The one downside is, with so much volume of stuff and so much time spent digging, when she comes out of there she smells like cat litter for a few hours.

BTW, since I took that photo I've re-arranged the 2 boxes so that the "short" ends are both facing each other in the middle. That way it's more like one continuous litter box.

Also, you might notice the shower curtain pulled back - I keep it closed. I just pulled it back for the photo.
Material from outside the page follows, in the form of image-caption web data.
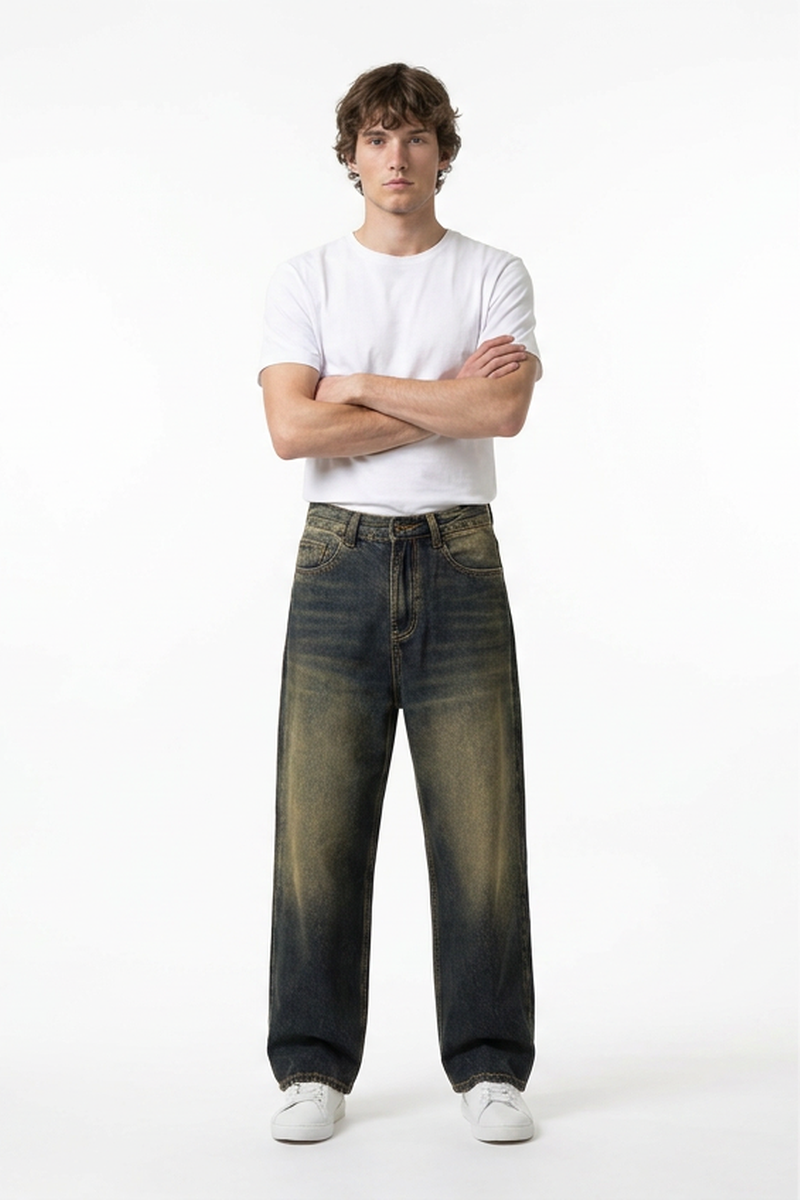 Men's Autumn Navy Contrast Fade Relaxed Wide Leg Denim Jeans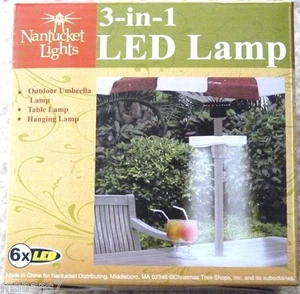 Nantucket Lights 3-in-1 LED Lamp, Umbrella, Table, or Hanging - Picture 1 of 4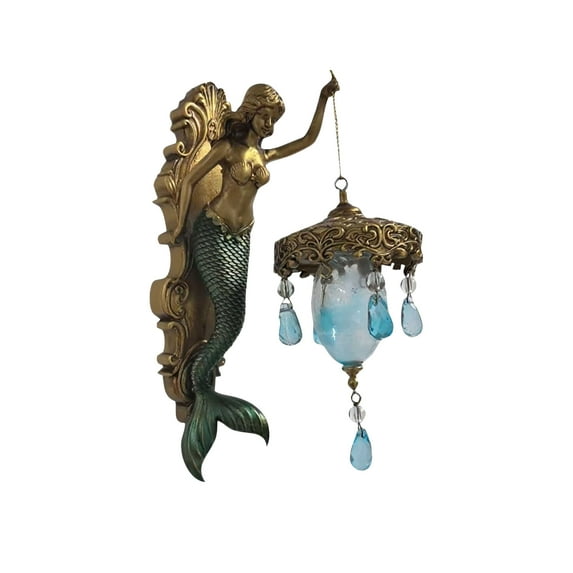 7.48 Inch Vintage Mermaid Wall Lamp Sconce Ornament, Blue Crystal Pendant Light With Gold Decorative Base Home Decor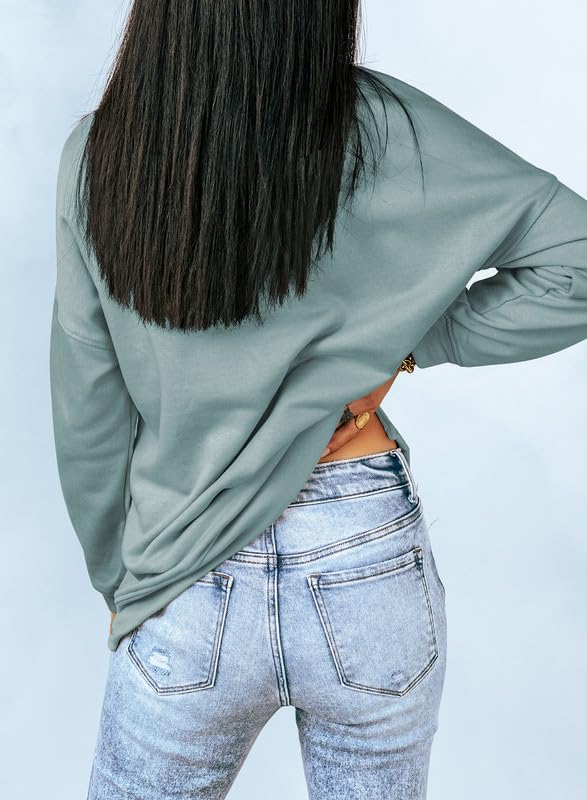 Women's Casual Crew Neck Sweatshirt Loose Soft Long Sleeve Pullover Tops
And if all that weren't enough, I've got a motion-sensitive night light in there hanging from the shower head with an extension chord to the outlet next to the sink.


----------



## catinthemirror (Jun 28, 2011)

Between my three huge litter boxes... it takes about 60lbs of litter to fill them all. But trust me, that lasts forever. It's been almost two months since I last filled them, and I've only had to top them up with a few more scoops of litter last week. I honestly find that the more litter you have in there the less likely it is that clumps will stick to the sides or bottom of the box, which means it's less likely that clumps break up, which means the litter stays cleaner longer. I go three or four months before I feel the need to refill completely with new litter. 

As for the boxes I have one of these: Petmate Jumbo Hood Cat Pan - Litter Boxes - Litter Boxes & Accessories - PetSmart

I found one of these on the side of the road. It was clean and in great condition, so yeah... I took it home, washed it thoroughly and set it up in my bedroom. It's kind of hard to scoop cuz of the shape but does a great job keeping litter from tracking all over my room. Booda Clean Step Litter Box - Cat - Sale - PetSmart

And this is my favorite litter box because it's easiest to clean. When the petmate one wears out I'm getting another one of these. The bottom is contoured in the front and back which keeps clumps from sticking. Whisker City&#0174 Extra-Large Hooded Cat Pans - Cat - Sale - PetSmart


----------



## MidnightSparkle (Apr 11, 2012)

This might serve as a benefit. The bigger the box the less I need to refill and buy an entire new bag of litter. Kitty, since u have the same boxes and provided a pics with the litter in the box, I can use ur pic as a reference. I believe I have an idea.


----------



## love.my.cats (Jan 29, 2009)

Our cats are happy to share litter boxes, but there are many cats who aren't. When we had the two cats, we had one box. I originally had two but they pretty much only used one of them, so I packed the other away. When we adopted Jett, I brought back the second box and we haven't had any litter box issues with them. I use the Oz Pet system now, and the litter trays I use are quite big and the best thing I've found with the big tray is there's never been a 'miss'.. Meeka used to sometimes accidently poop over the edgo of the smaller trays and that hasn't happened with these huge trays


----------



## Kitty-The-Cat (Apr 8, 2012)

MidnightSparkle said:


> This might serve as a benefit. The bigger the box the less I need to refill and buy an entire new bag of litter. Kitty, since u have the same boxes and provided a pics with the litter in the box, I can use ur pic as a reference. I believe I have an idea.


 You're welcome!


----------



## MidnightSparkle (Apr 11, 2012)

Thank You! 
Sorry Lolol!


----------



## sandyrivers (Apr 9, 2012)

*Cool cat litter box for cheap!*

Hi,

I have 8 cats who all share the litter boxes.

A good thing I found that makes good large litter boxes are rubbermaid storage containers with high sides!

Just cut out a square/oval shape about 6 to 8 inches from the ground where your cats can enter, and voila!
A cat litter box for a fraction of the price you would pay for one from a pet store...
If you want, you can even put the lid on top of the storage container. 
And if you prefer, you can cut a hole on the lid where your cat can enter the box, avoiding all kinds of mess!
I find this avoids the mess cats can do when they dig in and when they are burying their waste.

At my place, my cats prefer to poop in some and pee in some!

I use ''old school'' non scented clay litter. So the boxes in which they poop are quite easy to manage, just scoop out the poop.
The ones in which they prefer to pee need a complete change more often.

I have also seen my cats use the litters in pairs, either the ''toilets'' or the ''urinals''... Whatever suits them I guess!

sandyrivers


----------